Pas envie d’écrire une chronique dans laquelle il me faudrait rappeler qu’en 2011 la fin du couple formé par Thurston Moore et Kim Gordon signa également celle de leur groupe (un obscur combo new-yorkais nommé Sonic Youth) : je veux dire, on va se traîner encore combien de temps ce gossip indigne d’une institution culturelle telle qu’ADA ? Alors certes, hasard hasard hum hum, chacun dans son coin, nos anciens tourtereaux publient cette année un album solo – le neuvième pour l’ancien guitariste chanteur de Jeunesse Sonique –, mais cessons par pitié de relier entre elles des destinées désormais individuelles. Après tout, Roméo et Juliette, une fois séparés, n’ont-ils pas eu des vies sympatico ? Et comment ça, je viens de faire ce que j’avais dit que je ne ferai pas ? Hein ? Bref.
On va se pencher sur la version Bandcamp de Flow Critical Lucidity, qui intègre des bonus, dont une composition dédiée à la chorégraphe Isadora Duncan, coup de bol pour vous, je suis en train de lire ses mémoires : c’est vif, spirituel, drôle, bien écrit, durant quelques heures on fréquente un être d’exception, franchement, je conseille. Thurston fera-t-il mieux que Kent (Isadora Duncan danse, 1987) et Vic Chesnutt (Isadora Duncan, 1990 : « Well I dreamed I was a-dancin’ with Isadora Duncan / In a silver café ») ?
Basé à Londres durant l’enregistrement de ce nouvel opus, Thurston s’est adjoint les services de la bassiste Debbie Googe (My Bloody Valentine), du multi-instrumentiste James Sedwards (Chrome Hoof), de l’électronicien Jonathan Leidecker (alias Wobbly) et du batteur Jem Doulton. S’ouvrant sur un lancinant New In Town (ah, ces harmoniques de guitare et ces percussions feutrées !), Flow Critical Lucidity fait la part belle aux atmosphères tournoyantes, urbaines et aérées, invitant Laetitia Sadier sur le final du mid-tempo Sans Limites (on reste sur notre faim, mec !), reprenant les grilles d’accords chères au Sonic Youth de la grande époque (Shadow, tout en retenue : le cinglant la dissonance le bruitisme, c’est pour Kim) et se lançant dans une sorte de ballade 90’s à la conclusion expérimentale un chouia longue, monotone et cheap – les arpèges de piano, beurk.
Début de grimace, on s’ennuie un peu, et ce n’est pas l’interminable Rewilding (chouette ligne de basse, nonobstant), dont on ne comprend pas la direction, ni le mou du genou The Diver (émulsion de guitares délayées sur lit de guitares réverbérées, servie avec une larme de chorus et même des pains de guitares, bizarre) qui vont nous rassurer.

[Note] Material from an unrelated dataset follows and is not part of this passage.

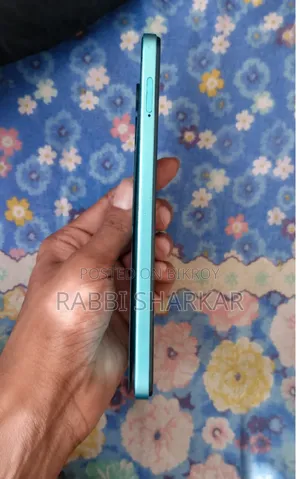 Tecno Camon 19 Neo 128 GB Blue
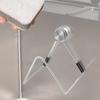 Waterproof Magnetic Sponge Holder Stainless Steel Sponge Hanging Bracket  Kitchen Accessories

Alors, quand le bonus track Isadora pointe le bout de son nez, on soupire. C’est quoi ce truc ? : le texte de cette pop song 90s électrifiée et incongrue est abominable, les chœurs (« Isa-dora / Isa-dora ») super ringards, et les solos de guitare particulièrement pourris. Kent, Vic, mes amis, vous pouvez dormir tranquille.
Flow Critical Lucidity n’est pas un disque honteux. Juste dispensable, et – surtout – à la hauteur des œuvres de Thurston Moore, qui ne fait rien d’autre que ce qu’il fait depuis 1995 et ses débuts en solo : des albums cools. Parce que oui, remember : dans les 90’s, Thurston était l’image même du gars cool, avec son physique fluet d’étudiant attardé, sa mèche sur le front et ses Converse trouées aux pieds, presque le gendre rock’n roll idéal, musicien discret, simple, pas de vagues, pas de colères, pas vraiment d’ambition, non plus. Il aura fallu une Kim Gordon pour donner du nerf aux productions de Sonic Youth, tendre vers l’arty, l’expérimental, l’acier cinglant. On ne pourra jamais lui en vouloir, sans Kim, Thurston n’est pas plus pas moins que lui-même. Un gars cool qui fait des disques cools. Et des disques chiants, aussi. Chiant + cool = chool, chool comme Flow Critical Lucidity.